Thursday, 18 February 2010

Brace Yourselves

Because we are in for a bumpy ride. Both the BBC and Sky are reporting that the UK managed to increase its borrowing even further last month.

This is seriously frightening. January is not a normal month from the point of view of the public finances. It is a month when corporation tax is due and when most of the income tax due from anyone under self-assessment is due – in other words, all the taxpayers with the more substantial bills. Despite this, Brown and Darling still managed to spend more than their income. Not by a trivial amount, either – by £4.3bn. Granted, that is a “mere” £100 or so per taxpayer, but imagine what it would say about your personal finances if you spent more than your monthly income just on payday?

The reason for this disaster is simple. I’ve been sitting on this graph for a while, waiting for the right moment to post it. It originally came from the Spectator, a Fraser Nelson special, and it plots the changing levels of public spending and revenue over the recent years. Here it is:

Note the initial years of Gordon, when he kept to Conservative policies and prudence reigned. Note what happened in 1999 when his promise to keep to Conservative policies expired and he began to act like a Labour chancellor: Government spending took off immediately, and has outstripped revenue since 2001. Note (finally) that the previous rate of increase in taxation revenue started to weaken immediately.
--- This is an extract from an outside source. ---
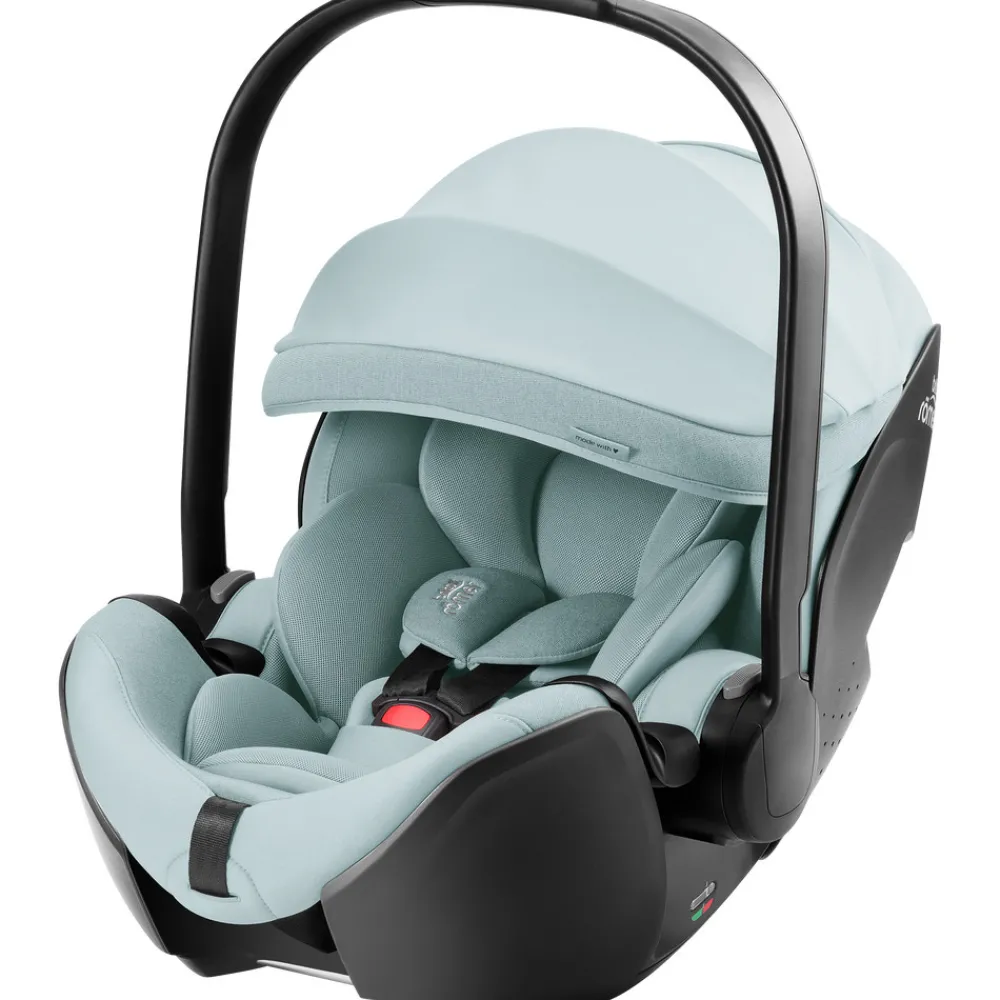 Britax Römer Babysafe Pro Style - Harbor Blue- Autostole 40-87 Cm (0-15 Mdr.)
This is a stark visual explanation of what Dave meant when he used to criticise Gordon's failure to fix the roof while the sun was shining. The simple fact is, Gordon has been accumulating debt since 2001. This means that when the bust came in 2008, we were already seriously in debt.

So whether you agree with increased public spending in recessions or not (and I admit that I can see the rationale for it), the fact remains that for this recession, we had already spent the money. So we started the recession weak, far weaker than we should have been. Gordon crippled us before we even went into the recession, and now we are seeing the effect of this.
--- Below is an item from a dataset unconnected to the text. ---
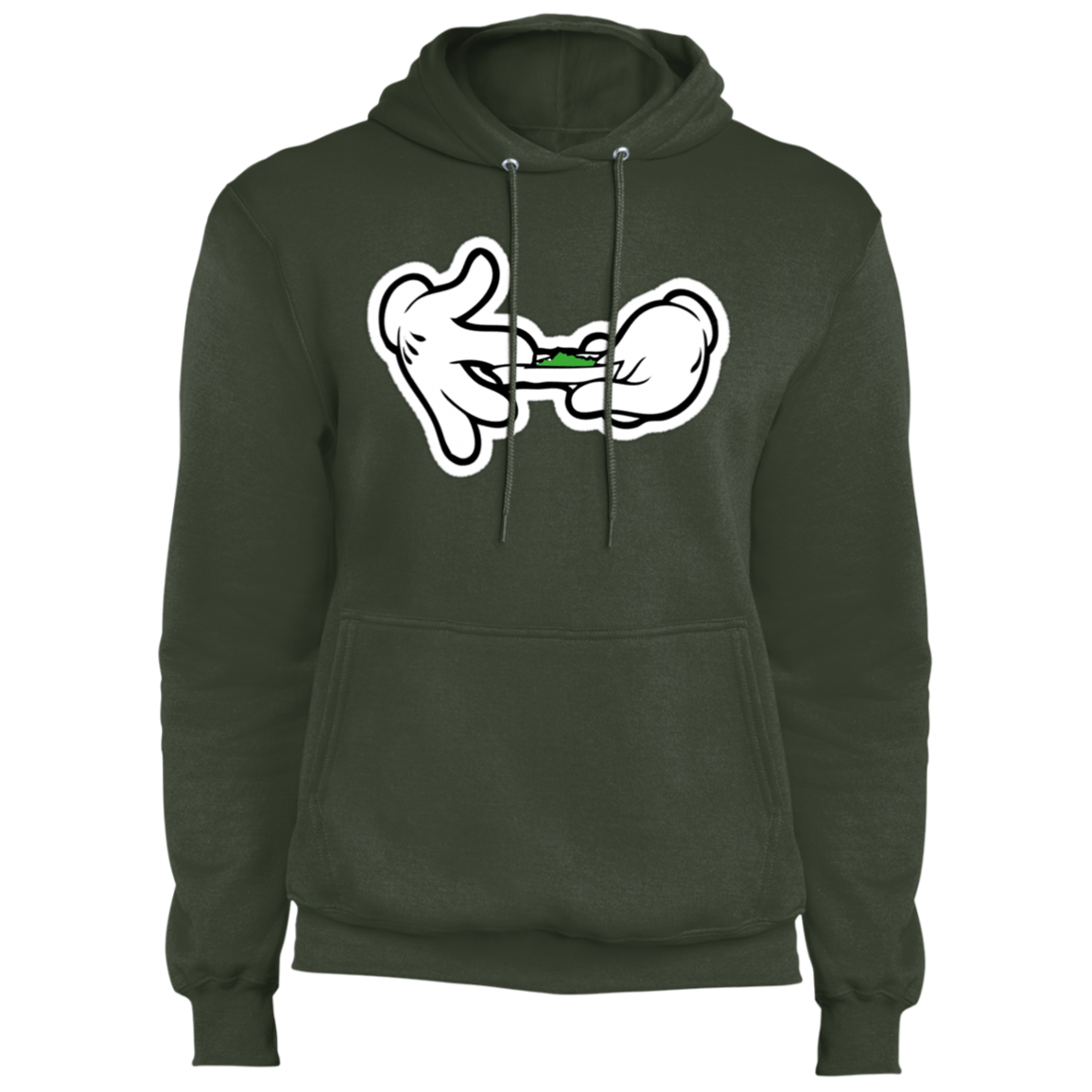 "ROLL THAT ISH" Core Fleece Pullover Hoodie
I know I've posted this before, but take another look at George Osborne's response to Labour's plans, Tory Bear style:

Who looks wrong now?

And finally, we are told that everything will be OK, because Gordon and Alistair are going to halve the deficit in 4 years. Let's assume he does that. Let's assume he does it steadily, at the same rate of reduction each year. Let's assume that GDP remains steady and does not suffer a double dip. Let's (finally) assume that he continues after the deficit is zero, allowing him to pay off debt. Even if we make all these (favourable) assumptions, one fact remains. Starting (as we are) in 2010 with a deficit of 13% and a public debt of 60% of GDP, we reach a simple conclusion:

The UK Economy will look like Greece does today, in only 5 years.

That's all we have. 5 years.


  1. Put all the recent news stories together, add a bit of New Labour spin and it's all wonderful, Comrade!


  2. 2001 was a sad year. Apart from Blair winning the election, Douglas Adams died and the foot and mouth outbreak occurred.

  3. Thanks D - I can see clearly now, the rain has gone... :-D (excellent post of yours btw)

    M - yes, losing DA was a sad moment. To realise that the trilogy would have to stop at a mere 5 books, that hurt.

    (As for TB and F&M, don't get me started!)

  4. I thought 'Foot in Mouth' disease broke out in 1997?


  5. The January deficit is actually my fault. HMRC had to give me a refund on overpaid tax, you see...

  6. Sorry, but this post can't be regarded as reliable. I distinctly remember Gordon saying 'we are well placed to weather the recession' and 'we have got borrowing down.'

    Armed with this information, we can see that for your post to be factually accurate Gordon would have to be a) completely insane, or b) a serial liar, or c) a completely insane serial liar. Whereas in reality we all know he is a fully grounded genius with a highly developed moral compass, not to mention his personal warmth, charisma and outstanding leadership skills.

  7. Blue - if your refund was £4.3bn, then I'll be over for a pint later!

    Dave - of course, silly me. I realise now!